■ **Source data**
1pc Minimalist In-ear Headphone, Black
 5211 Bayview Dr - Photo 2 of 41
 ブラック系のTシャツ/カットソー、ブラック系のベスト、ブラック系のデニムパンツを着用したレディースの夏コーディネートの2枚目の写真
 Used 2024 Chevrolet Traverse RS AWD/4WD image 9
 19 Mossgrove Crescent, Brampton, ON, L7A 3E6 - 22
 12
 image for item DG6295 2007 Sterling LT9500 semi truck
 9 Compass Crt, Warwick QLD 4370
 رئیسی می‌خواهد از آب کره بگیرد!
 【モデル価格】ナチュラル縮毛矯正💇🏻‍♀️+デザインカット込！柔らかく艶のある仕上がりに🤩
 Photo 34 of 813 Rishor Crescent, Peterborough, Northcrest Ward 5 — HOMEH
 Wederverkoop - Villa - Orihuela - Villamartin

■ **EXERCISE AIM**
Produce an exact copy of the lines from the one containing "رئیسی می‌خواهد از آب کره بگیرد!" through the final line of the data, both ends included, and only those.

■ **RESPONSE**
 رئیسی می‌خواهد از آب کره بگیرد!
 【モデル価格】ナチュラル縮毛矯正💇🏻‍♀️+デザインカット込！柔らかく艶のある仕上がりに🤩
 Photo 34 of 813 Rishor Crescent, Peterborough, Northcrest Ward 5 — HOMEH
 Wederverkoop - Villa - Orihuela - Villamartin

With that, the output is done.